Les années 1980 s’écoulent, moroses. En janvier 1990, fatigués par les inégalités et l’absence de démocratie, les étudiants descendent dans la rue à Libreville et Port-Gentil. Omar Bongo réagit et propose la tenue d’une conférence nationale, qui s’achève sur une concession majeure : le retour au multipartisme. Les règles du jeu politique s’en trouvent modifiées. Désormais, pour peser sur l’échiquier, tout homme politique doit être élu dans son département ou sa province d’origine. L’heure est au clientélisme.

En mai 1990, la mort de l’un des ténors de l’opposition, Joseph Rend­jambe, dans des circonstances non élucidées, déclenche une nouvelle vague de violences. Port-Gentil est en état d’insurrection et la France y envoie ses paras pour ramener l’ordre. Fragilisé, Bongo tient bon et son parti remporte, avec une courte majorité, les législatives de septembre 1990. Au fil des mois, il obtient le ralliement de ses adversaires, en prônant « le consensus ». Quitte à anesthésier le jeu politique. Le 5 décembre 1993, Bongo participe à sa première élection présidentielle concurrentielle et passe – de justesse – au premier tour avec 51 % des suffrages face à Paul Mba Abessole. Au scrutin de 1998, il fera mieux : 66 %.
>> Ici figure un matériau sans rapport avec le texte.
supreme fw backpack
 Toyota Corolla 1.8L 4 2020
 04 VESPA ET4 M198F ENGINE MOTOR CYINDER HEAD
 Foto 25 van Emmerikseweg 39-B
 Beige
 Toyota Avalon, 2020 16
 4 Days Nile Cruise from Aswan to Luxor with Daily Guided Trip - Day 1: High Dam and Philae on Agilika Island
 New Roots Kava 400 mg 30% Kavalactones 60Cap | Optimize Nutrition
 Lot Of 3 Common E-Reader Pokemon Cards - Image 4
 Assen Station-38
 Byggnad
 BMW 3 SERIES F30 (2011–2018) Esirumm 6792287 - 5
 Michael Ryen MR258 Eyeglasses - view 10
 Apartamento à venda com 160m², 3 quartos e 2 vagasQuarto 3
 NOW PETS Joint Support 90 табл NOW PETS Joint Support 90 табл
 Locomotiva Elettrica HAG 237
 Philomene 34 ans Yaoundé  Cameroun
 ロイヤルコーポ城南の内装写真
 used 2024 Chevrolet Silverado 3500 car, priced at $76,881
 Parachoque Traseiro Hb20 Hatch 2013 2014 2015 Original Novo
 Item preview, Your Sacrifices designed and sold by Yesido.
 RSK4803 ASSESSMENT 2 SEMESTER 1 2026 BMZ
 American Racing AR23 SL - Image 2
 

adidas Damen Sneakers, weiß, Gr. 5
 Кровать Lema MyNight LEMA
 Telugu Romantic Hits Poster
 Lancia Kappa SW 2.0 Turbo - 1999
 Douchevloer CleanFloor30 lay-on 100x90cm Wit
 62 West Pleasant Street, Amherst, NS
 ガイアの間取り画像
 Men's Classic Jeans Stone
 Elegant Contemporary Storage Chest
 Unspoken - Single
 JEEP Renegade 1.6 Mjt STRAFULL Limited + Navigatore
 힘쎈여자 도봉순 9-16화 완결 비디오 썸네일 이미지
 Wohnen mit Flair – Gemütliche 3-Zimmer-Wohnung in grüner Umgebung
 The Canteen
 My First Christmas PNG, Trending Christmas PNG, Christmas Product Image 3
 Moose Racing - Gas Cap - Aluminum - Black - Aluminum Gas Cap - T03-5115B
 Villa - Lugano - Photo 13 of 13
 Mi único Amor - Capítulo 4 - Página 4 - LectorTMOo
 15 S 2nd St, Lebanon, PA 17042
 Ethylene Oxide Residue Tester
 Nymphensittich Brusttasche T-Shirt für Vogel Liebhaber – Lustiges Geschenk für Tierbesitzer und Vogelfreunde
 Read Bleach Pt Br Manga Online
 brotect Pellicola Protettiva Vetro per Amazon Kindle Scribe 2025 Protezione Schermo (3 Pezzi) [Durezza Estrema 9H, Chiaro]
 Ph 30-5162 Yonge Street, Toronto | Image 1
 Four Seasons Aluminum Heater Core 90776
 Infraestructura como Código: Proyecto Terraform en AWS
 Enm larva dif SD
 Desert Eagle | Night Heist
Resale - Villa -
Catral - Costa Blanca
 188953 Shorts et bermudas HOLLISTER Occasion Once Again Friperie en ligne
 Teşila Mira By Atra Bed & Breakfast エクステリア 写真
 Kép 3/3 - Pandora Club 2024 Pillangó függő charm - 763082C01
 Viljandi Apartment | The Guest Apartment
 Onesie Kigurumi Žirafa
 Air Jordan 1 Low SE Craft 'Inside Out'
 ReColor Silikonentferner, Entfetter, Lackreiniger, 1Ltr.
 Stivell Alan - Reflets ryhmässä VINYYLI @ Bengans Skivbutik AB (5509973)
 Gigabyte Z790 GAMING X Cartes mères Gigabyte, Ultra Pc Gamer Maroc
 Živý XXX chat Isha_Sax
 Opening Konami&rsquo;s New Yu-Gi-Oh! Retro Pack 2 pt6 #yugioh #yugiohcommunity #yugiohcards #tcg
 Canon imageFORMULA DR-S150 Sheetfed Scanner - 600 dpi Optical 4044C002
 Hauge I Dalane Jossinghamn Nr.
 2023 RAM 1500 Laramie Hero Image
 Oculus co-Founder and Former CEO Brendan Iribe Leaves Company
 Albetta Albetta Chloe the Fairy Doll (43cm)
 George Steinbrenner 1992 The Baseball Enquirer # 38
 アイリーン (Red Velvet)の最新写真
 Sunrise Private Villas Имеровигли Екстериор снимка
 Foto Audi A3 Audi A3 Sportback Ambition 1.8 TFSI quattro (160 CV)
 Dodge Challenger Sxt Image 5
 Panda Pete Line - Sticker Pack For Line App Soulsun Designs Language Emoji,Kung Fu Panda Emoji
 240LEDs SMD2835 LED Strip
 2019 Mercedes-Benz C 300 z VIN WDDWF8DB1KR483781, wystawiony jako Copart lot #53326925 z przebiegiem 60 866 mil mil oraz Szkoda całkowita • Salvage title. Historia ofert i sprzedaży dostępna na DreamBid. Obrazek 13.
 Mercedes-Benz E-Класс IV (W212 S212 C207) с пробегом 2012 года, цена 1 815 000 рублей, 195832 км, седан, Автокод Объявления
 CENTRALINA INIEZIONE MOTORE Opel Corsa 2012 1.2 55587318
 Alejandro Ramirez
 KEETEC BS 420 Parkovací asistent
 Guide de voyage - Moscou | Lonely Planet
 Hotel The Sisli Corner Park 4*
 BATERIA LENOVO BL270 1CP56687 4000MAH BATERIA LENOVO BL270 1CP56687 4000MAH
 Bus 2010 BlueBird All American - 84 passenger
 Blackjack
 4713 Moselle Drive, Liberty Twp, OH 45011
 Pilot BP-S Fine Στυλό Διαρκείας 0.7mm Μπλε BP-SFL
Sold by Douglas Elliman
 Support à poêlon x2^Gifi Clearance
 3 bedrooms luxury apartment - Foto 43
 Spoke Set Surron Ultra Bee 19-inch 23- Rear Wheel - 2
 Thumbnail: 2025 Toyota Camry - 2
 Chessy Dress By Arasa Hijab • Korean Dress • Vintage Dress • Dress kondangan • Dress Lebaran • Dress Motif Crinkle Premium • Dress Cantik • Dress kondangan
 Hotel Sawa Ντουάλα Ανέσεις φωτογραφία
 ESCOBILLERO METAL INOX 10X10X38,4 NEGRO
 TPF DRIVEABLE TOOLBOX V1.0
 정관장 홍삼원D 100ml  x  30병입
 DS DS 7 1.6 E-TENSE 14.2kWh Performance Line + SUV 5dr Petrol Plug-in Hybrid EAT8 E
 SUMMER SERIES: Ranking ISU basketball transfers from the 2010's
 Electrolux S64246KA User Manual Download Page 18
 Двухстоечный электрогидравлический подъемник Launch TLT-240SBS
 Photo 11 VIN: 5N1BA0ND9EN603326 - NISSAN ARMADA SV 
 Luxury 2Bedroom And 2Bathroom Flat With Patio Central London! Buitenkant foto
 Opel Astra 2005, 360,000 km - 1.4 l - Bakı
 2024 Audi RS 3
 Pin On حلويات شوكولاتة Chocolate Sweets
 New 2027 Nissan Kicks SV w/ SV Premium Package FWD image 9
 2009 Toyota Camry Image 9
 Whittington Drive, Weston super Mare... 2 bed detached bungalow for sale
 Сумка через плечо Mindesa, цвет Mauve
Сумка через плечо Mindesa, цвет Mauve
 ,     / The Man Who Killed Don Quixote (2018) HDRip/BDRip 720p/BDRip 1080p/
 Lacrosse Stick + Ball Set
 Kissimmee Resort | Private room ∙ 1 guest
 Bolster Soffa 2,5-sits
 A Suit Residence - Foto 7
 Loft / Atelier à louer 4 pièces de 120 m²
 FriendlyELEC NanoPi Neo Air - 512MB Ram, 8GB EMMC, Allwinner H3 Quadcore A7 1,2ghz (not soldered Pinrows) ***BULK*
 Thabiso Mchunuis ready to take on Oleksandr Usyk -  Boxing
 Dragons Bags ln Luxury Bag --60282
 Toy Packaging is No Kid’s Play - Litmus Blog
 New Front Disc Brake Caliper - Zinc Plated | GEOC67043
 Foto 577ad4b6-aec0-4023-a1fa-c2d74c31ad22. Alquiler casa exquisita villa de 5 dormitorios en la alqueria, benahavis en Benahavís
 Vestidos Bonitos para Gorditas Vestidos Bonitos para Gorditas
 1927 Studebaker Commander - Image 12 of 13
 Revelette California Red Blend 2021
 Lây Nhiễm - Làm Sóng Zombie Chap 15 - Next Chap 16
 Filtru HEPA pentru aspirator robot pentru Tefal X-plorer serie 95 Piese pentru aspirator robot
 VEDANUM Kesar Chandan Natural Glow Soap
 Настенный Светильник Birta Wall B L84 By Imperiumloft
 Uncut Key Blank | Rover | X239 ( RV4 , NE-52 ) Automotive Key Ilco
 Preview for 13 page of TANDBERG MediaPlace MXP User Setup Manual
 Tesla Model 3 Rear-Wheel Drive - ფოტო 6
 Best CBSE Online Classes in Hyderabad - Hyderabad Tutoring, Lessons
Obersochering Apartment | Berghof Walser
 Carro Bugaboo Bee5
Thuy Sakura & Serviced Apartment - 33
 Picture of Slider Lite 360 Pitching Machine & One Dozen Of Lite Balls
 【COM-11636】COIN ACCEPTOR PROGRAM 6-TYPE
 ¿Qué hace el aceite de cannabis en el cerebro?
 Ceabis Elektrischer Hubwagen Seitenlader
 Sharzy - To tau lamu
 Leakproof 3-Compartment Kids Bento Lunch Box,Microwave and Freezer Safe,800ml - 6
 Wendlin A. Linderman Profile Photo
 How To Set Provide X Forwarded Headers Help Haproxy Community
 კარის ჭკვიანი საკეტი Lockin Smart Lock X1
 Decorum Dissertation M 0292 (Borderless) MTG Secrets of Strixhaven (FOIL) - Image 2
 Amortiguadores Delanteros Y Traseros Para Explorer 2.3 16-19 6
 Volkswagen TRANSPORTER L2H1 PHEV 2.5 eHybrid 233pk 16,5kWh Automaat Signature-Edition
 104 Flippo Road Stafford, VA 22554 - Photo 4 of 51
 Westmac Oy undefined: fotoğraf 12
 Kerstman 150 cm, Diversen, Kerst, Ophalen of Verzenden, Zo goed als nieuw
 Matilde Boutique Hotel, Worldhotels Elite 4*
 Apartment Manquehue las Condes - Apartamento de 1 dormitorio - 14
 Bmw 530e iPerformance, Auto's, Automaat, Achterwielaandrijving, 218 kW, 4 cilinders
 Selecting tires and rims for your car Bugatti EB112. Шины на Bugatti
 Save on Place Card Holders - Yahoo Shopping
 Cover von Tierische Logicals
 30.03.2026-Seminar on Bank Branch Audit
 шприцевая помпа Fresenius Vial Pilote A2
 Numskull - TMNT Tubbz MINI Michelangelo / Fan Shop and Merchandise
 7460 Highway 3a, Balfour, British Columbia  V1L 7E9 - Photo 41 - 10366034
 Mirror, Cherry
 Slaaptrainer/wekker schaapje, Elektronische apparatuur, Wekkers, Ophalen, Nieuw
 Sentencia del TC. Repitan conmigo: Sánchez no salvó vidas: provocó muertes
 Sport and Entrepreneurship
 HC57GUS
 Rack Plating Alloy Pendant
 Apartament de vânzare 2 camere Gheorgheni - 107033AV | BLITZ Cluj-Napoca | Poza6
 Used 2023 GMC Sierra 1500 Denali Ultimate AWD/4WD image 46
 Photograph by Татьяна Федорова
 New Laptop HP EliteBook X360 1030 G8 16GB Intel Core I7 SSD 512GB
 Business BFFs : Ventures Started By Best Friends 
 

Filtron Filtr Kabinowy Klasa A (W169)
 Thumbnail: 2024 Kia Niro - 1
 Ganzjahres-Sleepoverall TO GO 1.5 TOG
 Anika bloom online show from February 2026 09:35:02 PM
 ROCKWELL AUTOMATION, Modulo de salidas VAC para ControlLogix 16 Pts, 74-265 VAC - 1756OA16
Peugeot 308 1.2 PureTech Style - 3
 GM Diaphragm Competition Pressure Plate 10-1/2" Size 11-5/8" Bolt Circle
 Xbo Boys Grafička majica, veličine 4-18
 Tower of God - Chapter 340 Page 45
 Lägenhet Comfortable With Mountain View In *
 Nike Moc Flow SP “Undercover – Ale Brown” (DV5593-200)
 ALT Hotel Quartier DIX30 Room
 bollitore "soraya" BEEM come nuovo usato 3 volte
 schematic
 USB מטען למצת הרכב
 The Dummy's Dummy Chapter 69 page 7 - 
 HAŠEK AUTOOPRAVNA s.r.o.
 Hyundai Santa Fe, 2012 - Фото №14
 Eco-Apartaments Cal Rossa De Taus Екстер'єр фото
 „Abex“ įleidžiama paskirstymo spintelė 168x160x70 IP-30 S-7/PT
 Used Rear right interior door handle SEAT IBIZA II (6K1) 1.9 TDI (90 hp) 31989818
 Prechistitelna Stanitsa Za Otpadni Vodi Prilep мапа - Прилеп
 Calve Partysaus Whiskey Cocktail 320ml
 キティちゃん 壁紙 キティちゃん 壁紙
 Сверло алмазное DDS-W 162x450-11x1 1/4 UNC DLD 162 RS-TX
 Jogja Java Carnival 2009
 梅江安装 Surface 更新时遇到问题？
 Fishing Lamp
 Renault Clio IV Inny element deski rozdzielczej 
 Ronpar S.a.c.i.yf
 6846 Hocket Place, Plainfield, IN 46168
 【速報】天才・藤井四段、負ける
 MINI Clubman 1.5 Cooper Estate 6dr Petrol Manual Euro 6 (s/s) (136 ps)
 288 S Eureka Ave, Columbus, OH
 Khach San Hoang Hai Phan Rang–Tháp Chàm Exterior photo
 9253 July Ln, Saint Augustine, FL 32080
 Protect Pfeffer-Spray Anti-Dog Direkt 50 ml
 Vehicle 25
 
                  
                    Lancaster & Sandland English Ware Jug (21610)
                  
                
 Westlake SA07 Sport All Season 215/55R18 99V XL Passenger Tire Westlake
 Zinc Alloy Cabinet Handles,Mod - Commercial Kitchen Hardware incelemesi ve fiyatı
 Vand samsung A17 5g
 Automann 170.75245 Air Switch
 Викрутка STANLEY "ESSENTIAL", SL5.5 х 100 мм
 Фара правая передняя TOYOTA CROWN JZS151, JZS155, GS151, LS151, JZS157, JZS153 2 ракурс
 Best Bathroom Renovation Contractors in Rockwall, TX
Bongo, que la politique intérieure ne passionne plus, est devenu le doyen des chefs d’État. Malgré les affaires médiatico-judiciaires qui agitent Paris, les relations avec Jacques Chirac, l’ami devenu président, sont au beau fixe. Un lien privilégié qui lui permet, en juillet 2003, de faire sauter le verrou limitant le nombre de mandats. L’opposition, elle, est apathique. Mba Abessole a fini par entrer au gouvernement. Quant à l’autre opposant historique qu’est Pierre Mamboundou, il s’est considérablement rapproché d’Omar Bongo Ondimba (OBO ; le nom de son père a été rajouté par décret en 2003) après la présidentielle de 2005.

Rumeurs

Les années ont passé, et OBO est un homme fatigué. Depuis plusieurs années déjà, Libreville bruisse de rumeurs de maladie. À Paris, Nicolas Sarkozy succède à Jacques Chirac. Le nouveau président français n’a pas d’autre choix que de s’arrêter à Libreville lors de sa première tournée africaine, mais, entre les deux hommes, la complicité n’est plus de mise. Le 8 juin 2009, après une longue agonie, OBO s’éteint.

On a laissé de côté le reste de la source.